Typically, generations are defined by actual historical events. These definitions can occur immediately or after the passage of time when historians can evaluate objectively, unattached from the events and within the isolation of their own generational bubble. Here is an in-depth look at today’s living generations, with a concentration on the lesser known generations and the author’s choice of members from each generation.

G.I. GENERATION (1901 – 1924)

The “Greatest Generation” or the G.I. Generation was tied (for the most part) to the events of World War II. History did not have to pass for their automatic admiration to take hold. Society looks upon them with unconditional praise, regardless of their parenting skills and the unsustainable economy they created after World War II. We cannot forget that members of this military-centric generation led us into the Vietnam War.  To their credit, after giving everything to the efforts of World War II during their prime, fighting against Hitler, one of the world’s most seductive and terrifying leaders in modern times; it is natural they would have a psychological immunity to any conflict that came after that tremendous victory.

The G.I.’s were honored because of World War II and any analysis beyond that fact is irrelevant and unimportant according to some. Tom Brokaw, a member of the Silent Generation, revered the G.I.’s as the “Greatest Generation” and was “incomprehensive” to the G.I. experiences putting them high above all others on the generational pedestal. Outside of their sacrifices, we cannot ignore some other legacies they left with us: weapons of mass destruction, unparalleled prosperity for a time and a strong middle-class that produced a large generation with a tendency to suck the air out of the world’s economy, the Baby Boomers.

As a female Gen Xer, I personally honor and thank those who served our country, past and present. However, naturally critical in my own generational bubble, I cannot shy away from analyzing these other less shiny legacies of the G.I.s. Their children, the baby boomers, thrived from their abundance, nurtured to assume the free entitlements established by their parents. In many ways, this is where we should have slowed down.

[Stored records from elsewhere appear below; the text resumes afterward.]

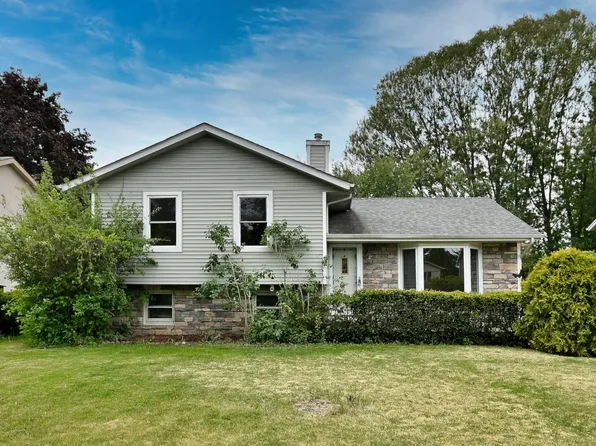 20564 N Elizabeth Ave, Prairie View, IL 60069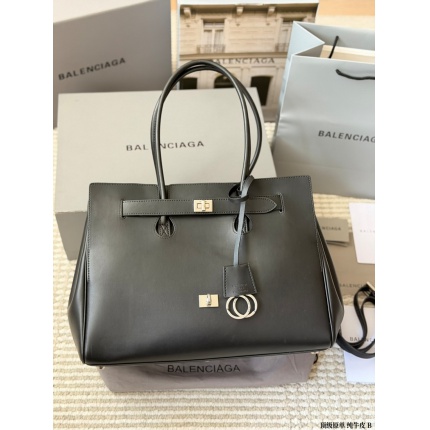 Balenciaga high quality Handbags in 222489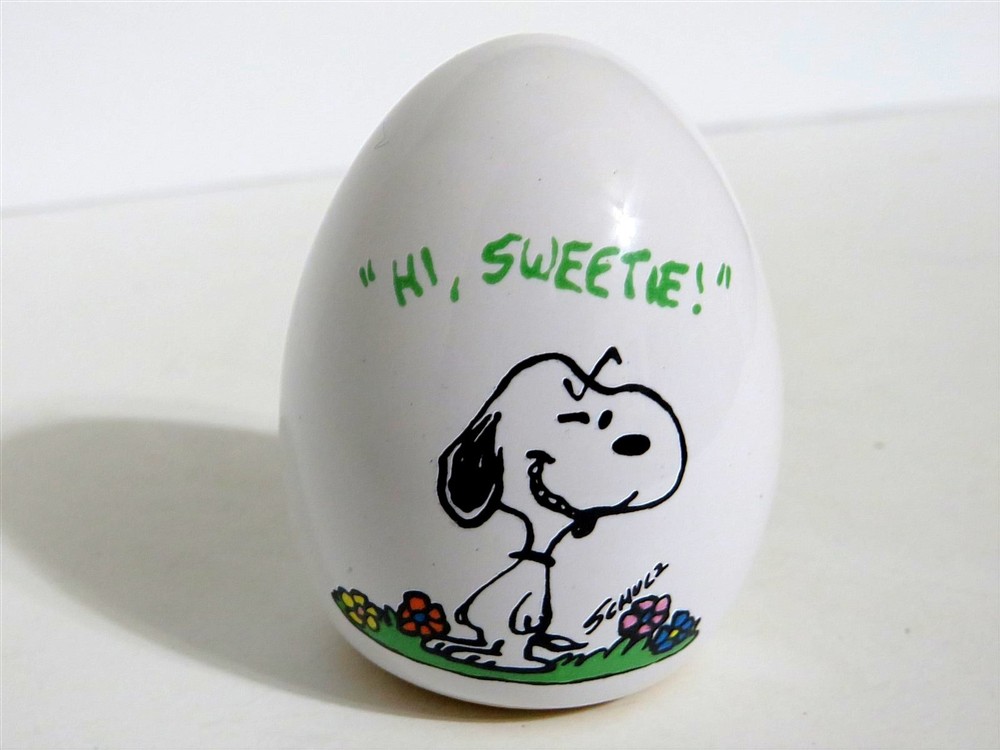 Snoopy Peanuts Charlie Brown Aviva Vintage Ceramic Easter Beagle Egg 1972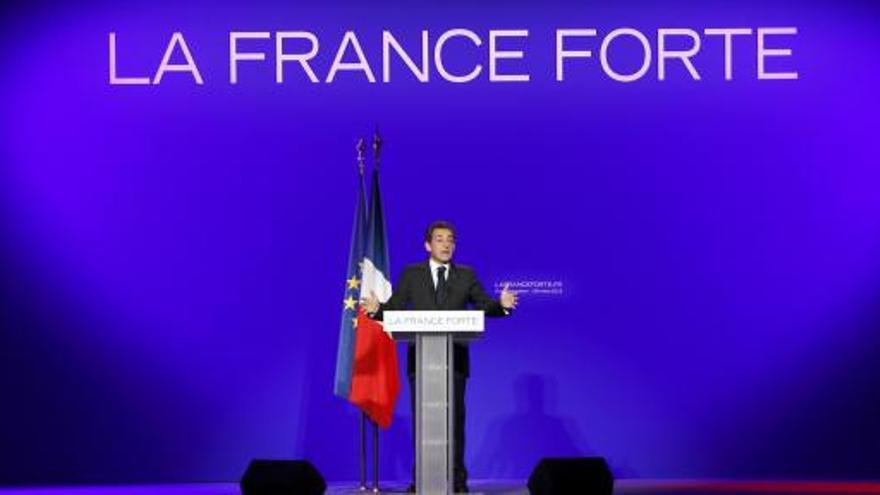 Sarkozy elogia la &quot;eficacia y el coraje&quot; de la policía francesa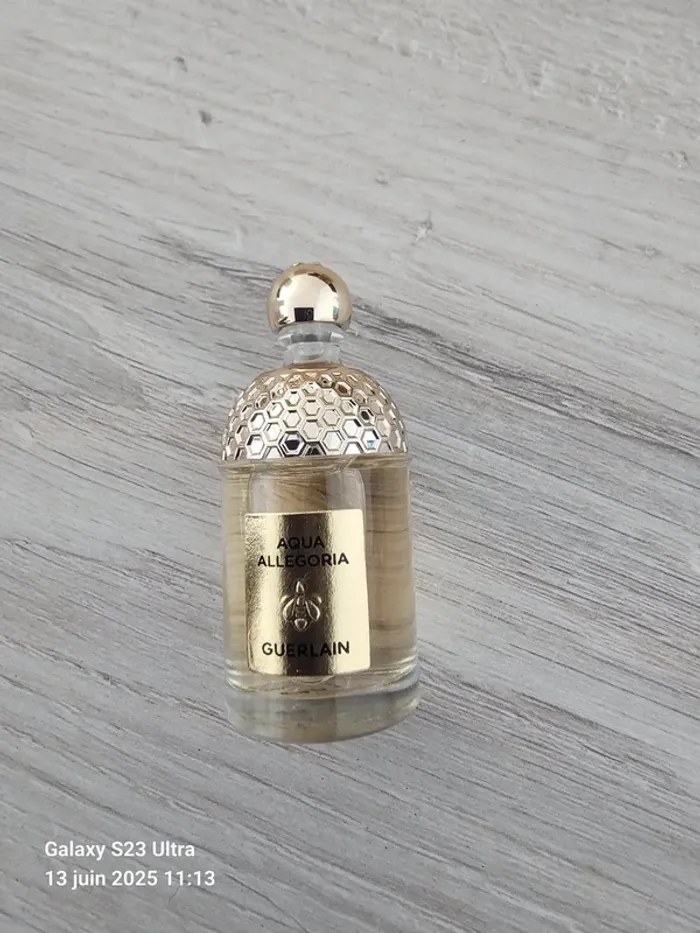 Lot miniatures parfum - photo numéro 2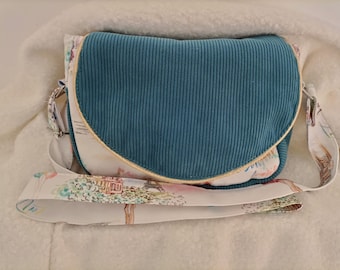 small shoulder bag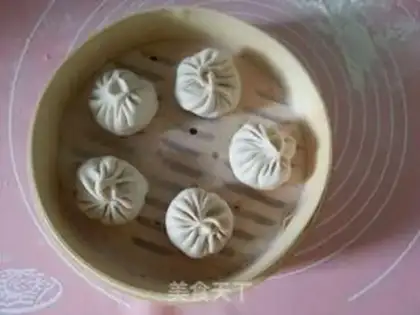 Make Porky buns step 10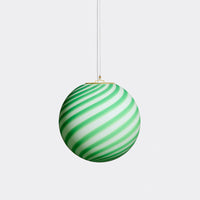 Murano Pendelleuchte in grün/weißem Swirl-Muster, runde Form mit sanften Linien und elegantem Aufhängepunkt, betont durch Beleuchtung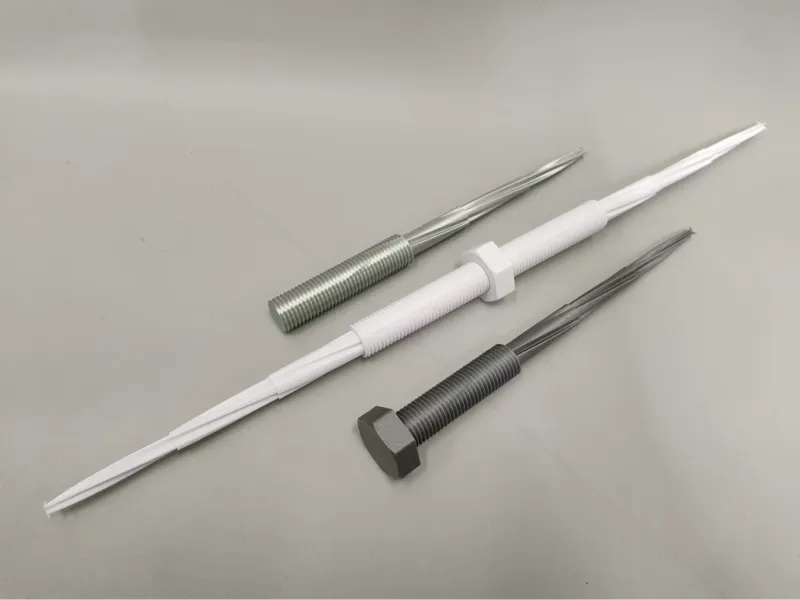 螺丝伸缩剑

Noteworthy members of the G.I. Generation: Kurt Vonnegut, Bob Hope, Lucille Ball, Marlene Dietrich, George Orwell, Walter Farley, Tallulah Bankhead, John Steinbeck, John Wayne, Vincent Price, Rosa Parks, Mother Teresa, Rachel Carson, Peace Pilgrim, Kate Hepburn, Ray Bradbury

We’re going to meet a lot of lonely people in the next week and the next month and the next year. And when they ask us what we’re doing, you can say, We’re remembering. That’s where we’ll win out in the long run. And someday we’ll remember so much that we’ll build the biggest goddamn steamshovel in history and dig the biggest grave of all time and shove war in it and cover it up. 
― Ray Bradbury, Fahrenheit 451 – (G.I. Generation)

SILENT GENERATION (1925 – 1942)

The Silent or “Lucky Few” is a smaller generation between the G.I.s and Boomers, lucky enough to take advantage of the G.I. Bill, enjoy living wages and buy affordable mortgages and cars. Many would retire just before the 1990’s bubble burst with good pensions, supplemented by social security benefits and other perks of the post–World War II prosperity. This group silently maneuvered through the revolutions of the younger baby boom and were parents of Generation X.

In many ways, the arrival of the Silent Generation places them as back-up singers on the world stage of the generations, similar to, but with a higher status than Gen-Xers. The anonymity of the Silent Generation casts a gray color: their characteristics of not wanting to “rock the boat,” is like a fish going with the flow along a steady stream without having to swim too often. That is not to say that some were derailed from their idealistic coming of age in the 1950s, and drafted during the Cuban and Berlin Missile Crisis’ just before the shock of JFK’s assassination.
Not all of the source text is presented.